++++ Input ++++
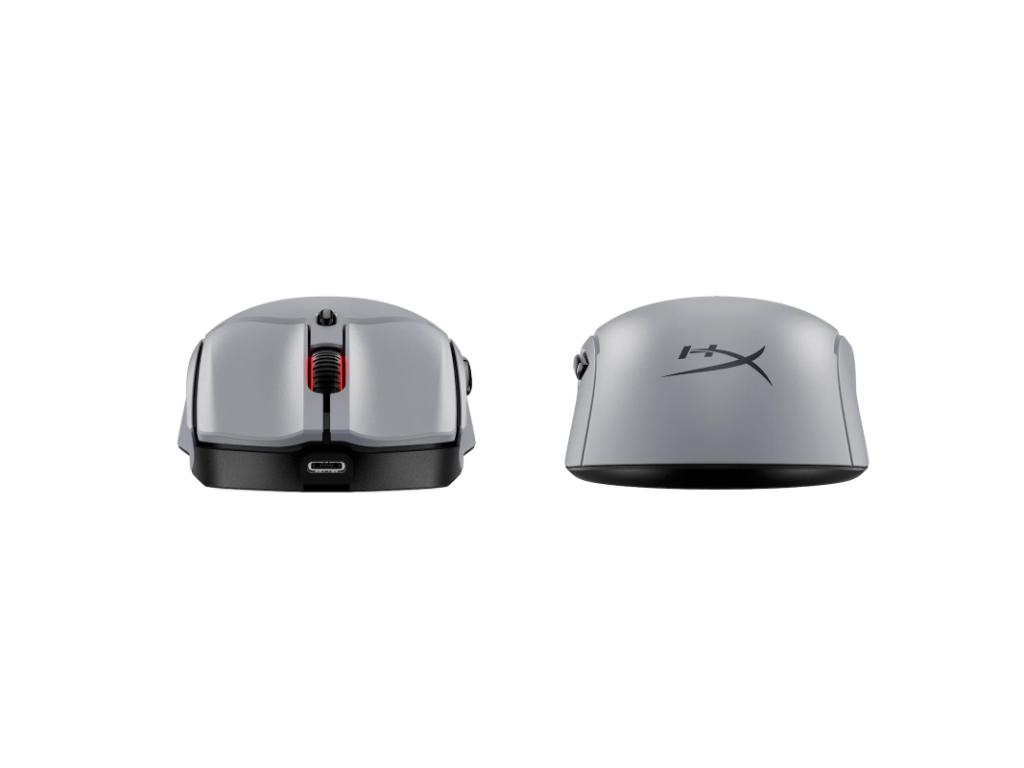 Miš HYPERX Pulsefire Haste 2 Pro - Слика 6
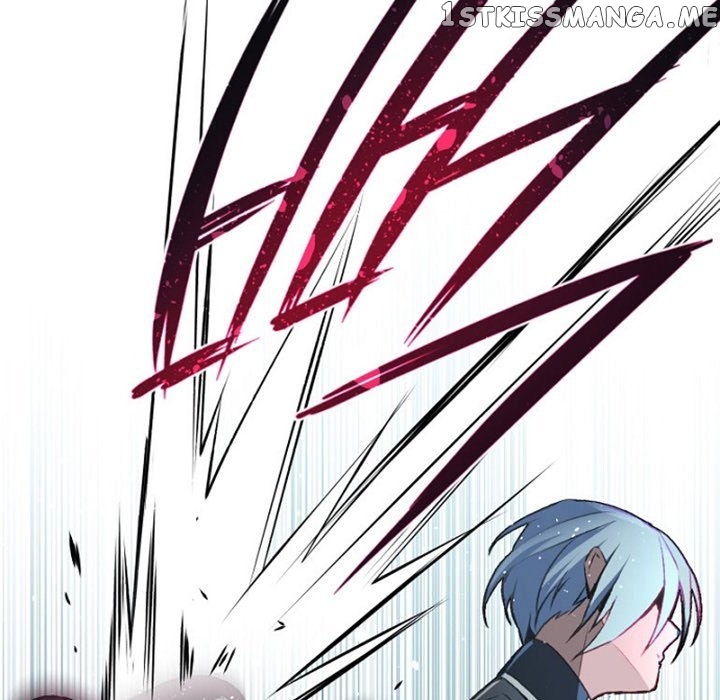 Anz - Manhwa chapter 62 - page 57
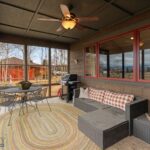 Bozeman MT 59718 - 23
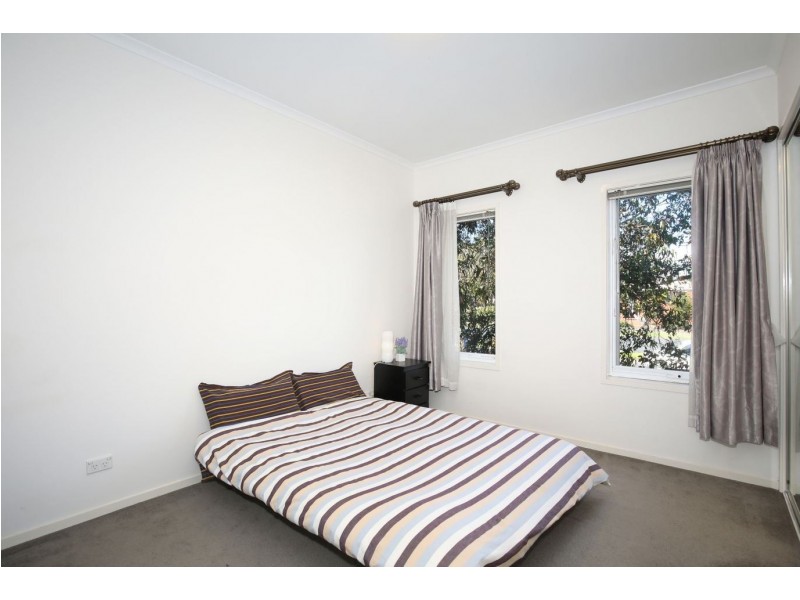 5/346-352 Springvale Road, Donvale VIC 3111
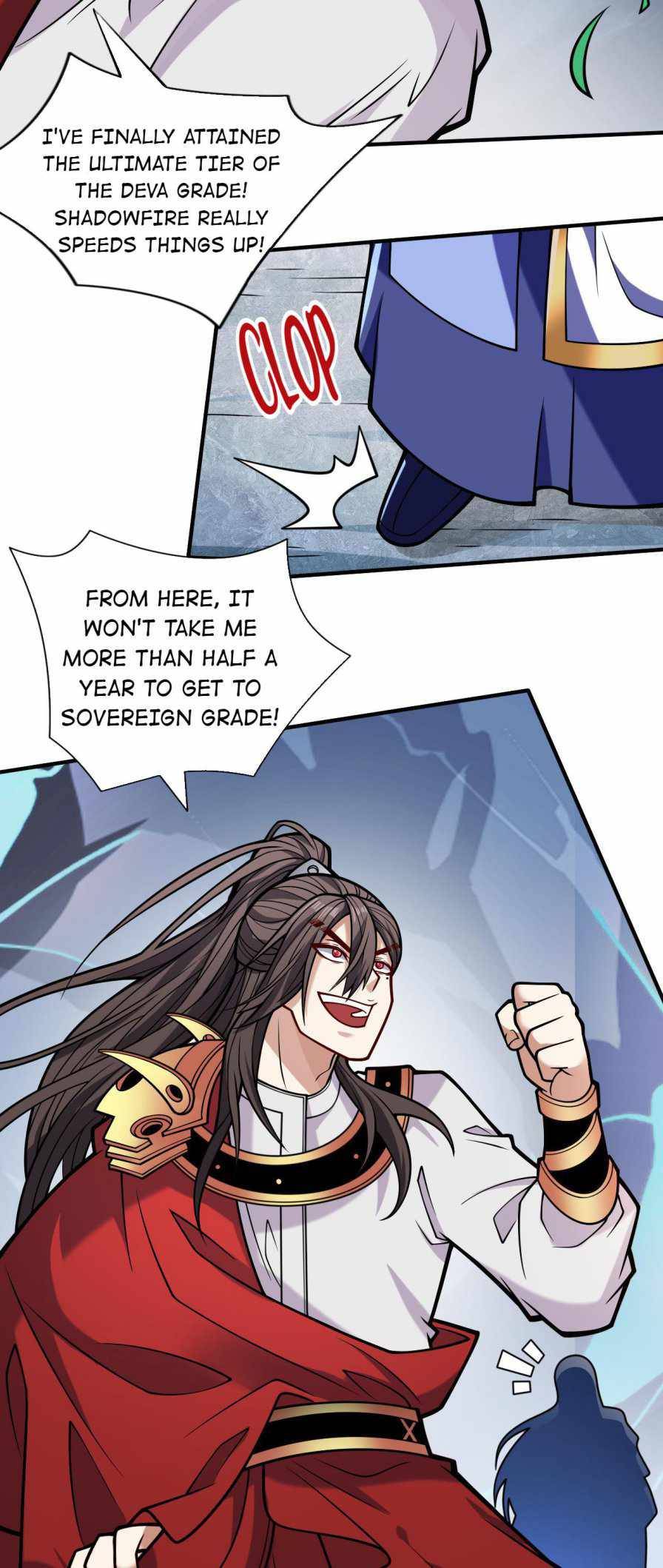 Page 5 of Chapter 120
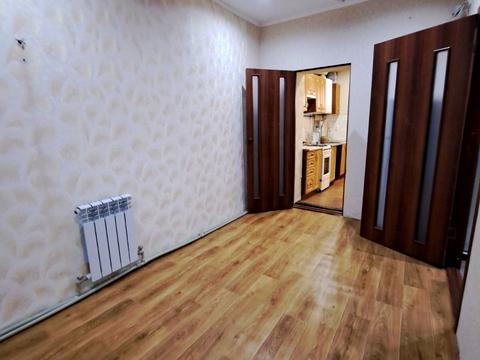 квартира по адресу вул. Сидорчука, 23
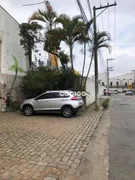 Galpão / Depósito / Armazém à venda, 1000m² no Vila Endres, Guarulhos - Foto 3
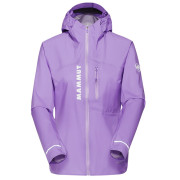 Mammut Aenergy TR HS Hooded Jacket Women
++++
Copy out all the records exactly, excluding pictures.

__Result of the exercise__:
 Miš HYPERX Pulsefire Haste 2 Pro - Слика 6
 Anz - Manhwa chapter 62 - page 57
 Bozeman MT 59718 - 23
 5/346-352 Springvale Road, Donvale VIC 3111
 Page 5 of Chapter 120
 квартира по адресу вул. Сидорчука, 23
 Galpão / Depósito / Armazém à venda, 1000m² no Vila Endres, Guarulhos - Foto 3
 Mammut Aenergy TR HS Hooded Jacket Women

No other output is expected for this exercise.